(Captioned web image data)

----

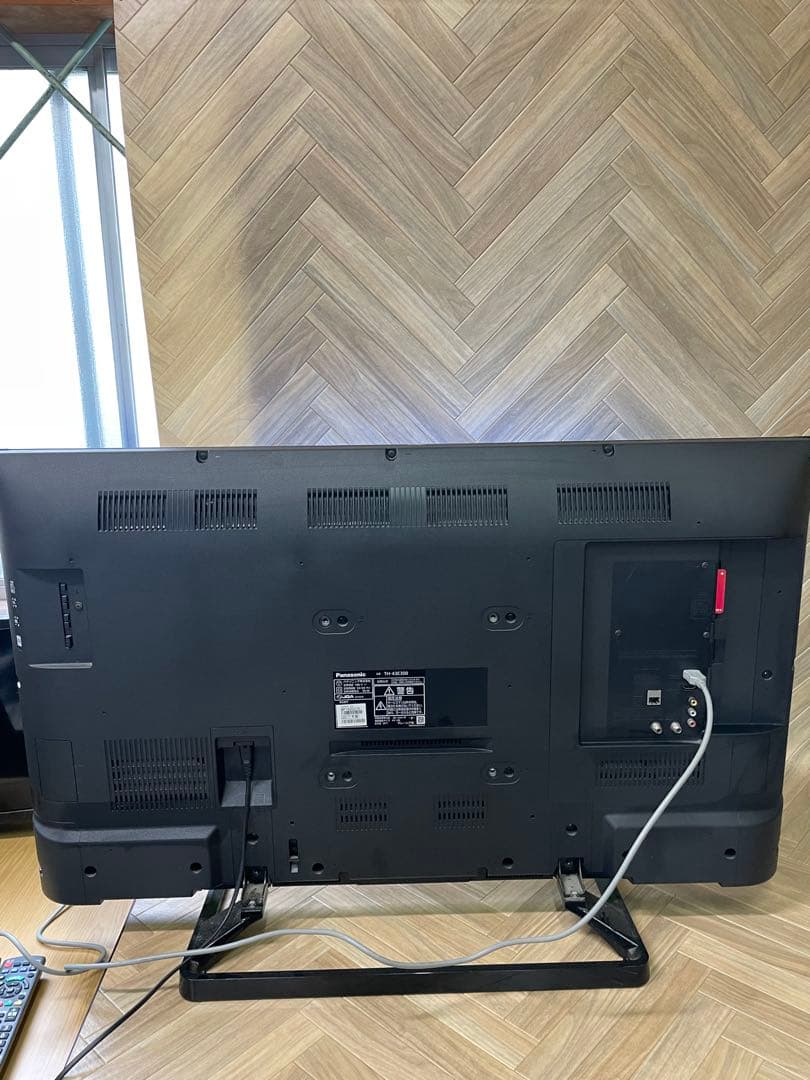 動作OK Panasonic パナソニック　43インチ　リモコン付き　17年製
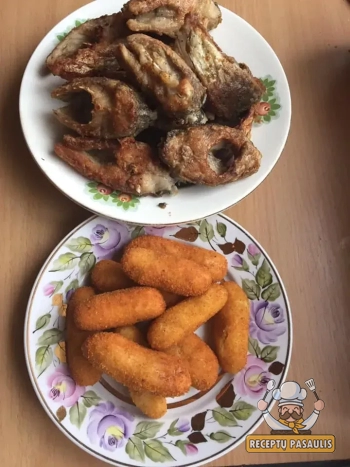 Keptas karosas gabaliukais keptuvėje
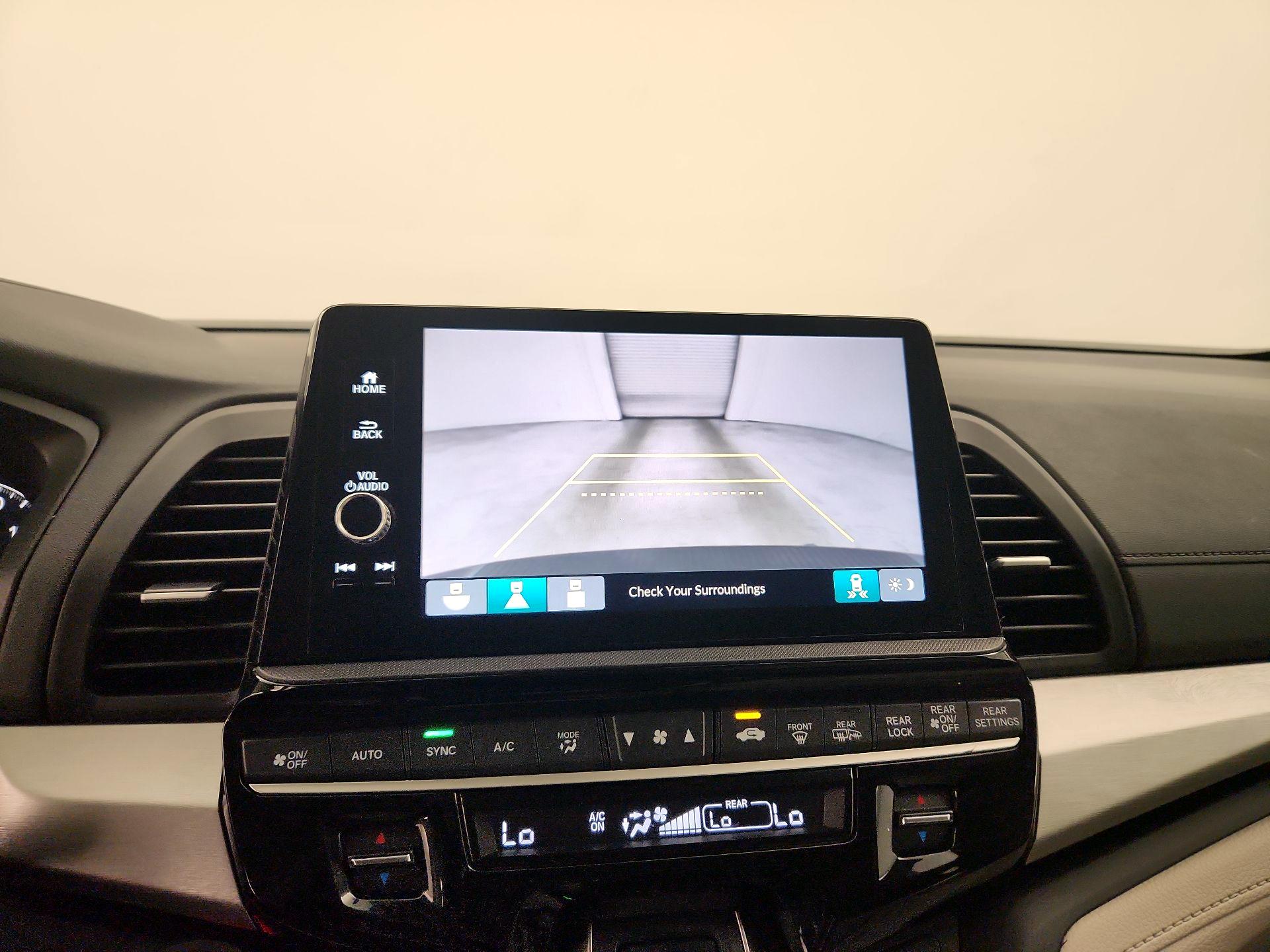 Thumbnail: 2025 Honda Odyssey - 14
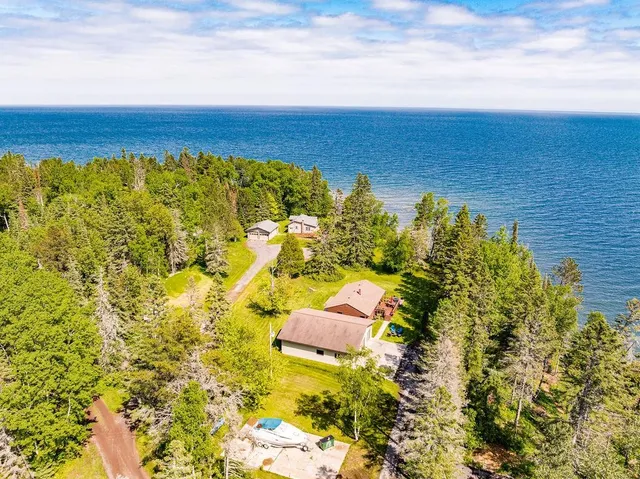 $899,000 | 1690 Highway 61, Two Harbors, MN 55616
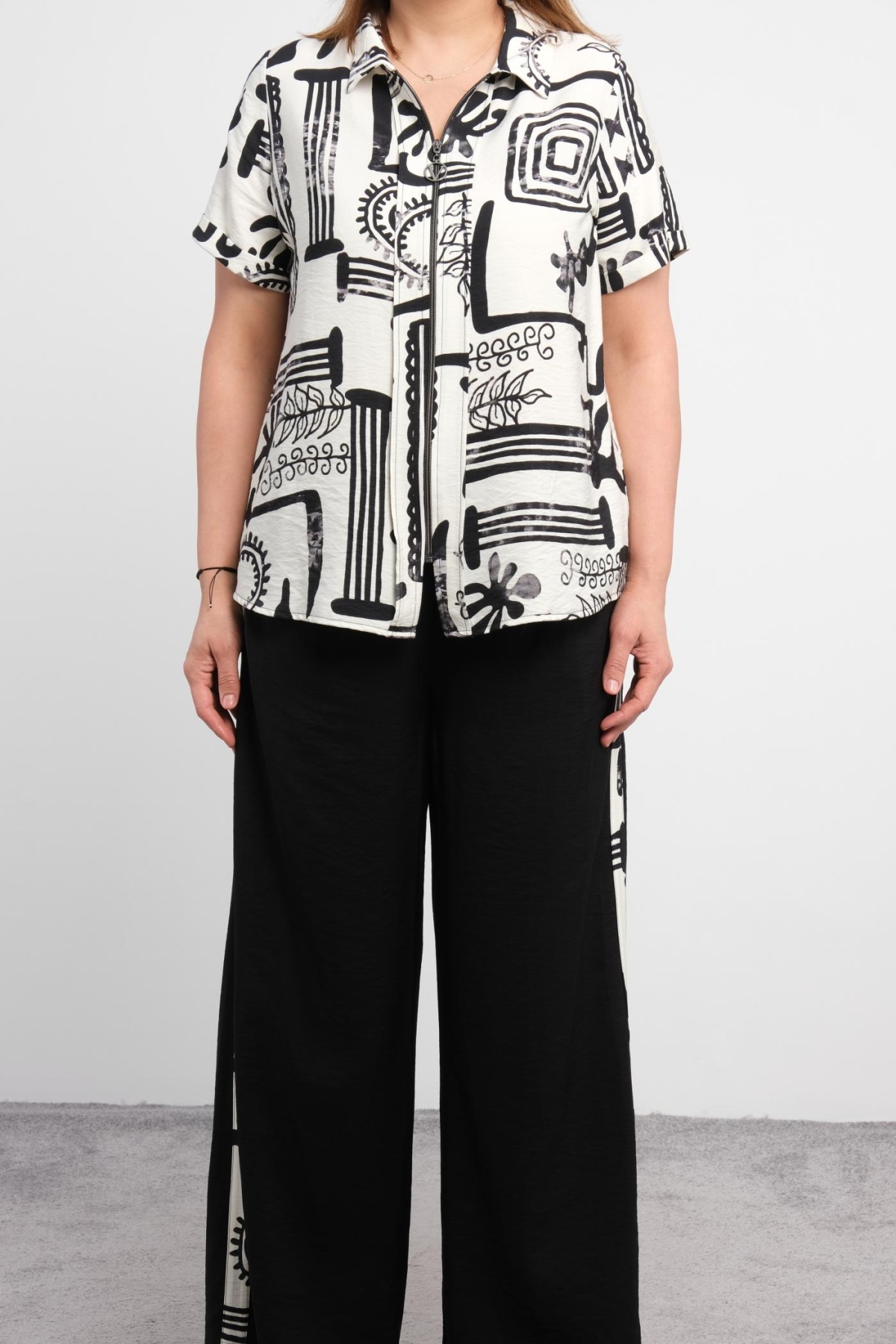 Plus Size Blouse and Pants Set-Black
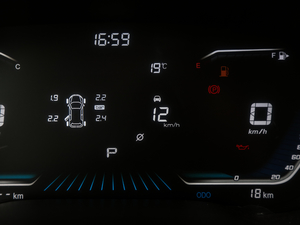 2021��PRO 1.5T �ԄӺ��A�� 7�� �п؅^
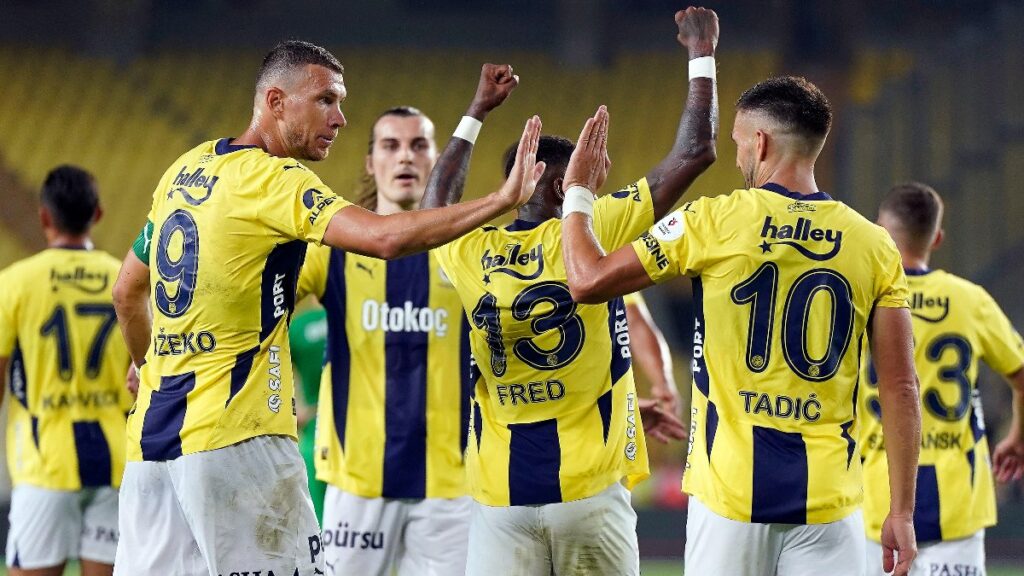 fenerbahce hatayspor macinin ilk 11leri laUBDEm5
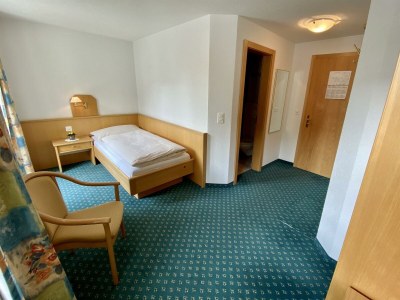 Holiday room Einzelzimmer, Bad/Dusche, WC, N - Features photo 21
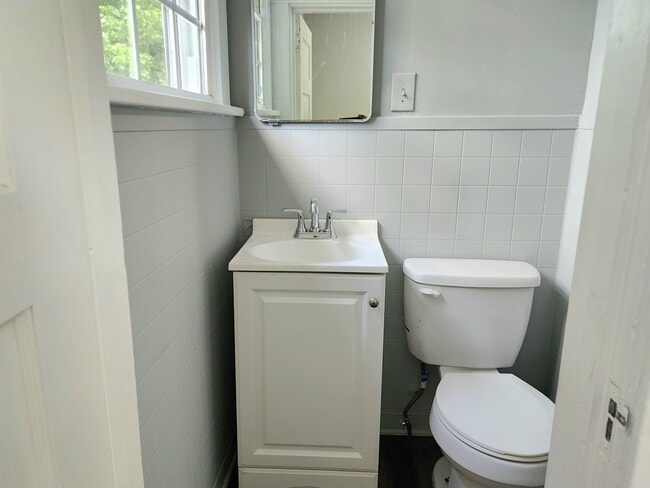 Building Photo - 523 Avent St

----

WORK INSTRUCTIONS | Set down exactly, from the line that contains "2021��PRO 1.5T �ԄӺ��A�� 7�� �п؅^" through the last line of the data, each line as it stands, and leave the pictures out.

TASK ANSWER |
 2021��PRO 1.5T �ԄӺ��A�� 7�� �п؅^
 fenerbahce hatayspor macinin ilk 11leri laUBDEm5
 Holiday room Einzelzimmer, Bad/Dusche, WC, N - Features photo 21
 Building Photo - 523 Avent St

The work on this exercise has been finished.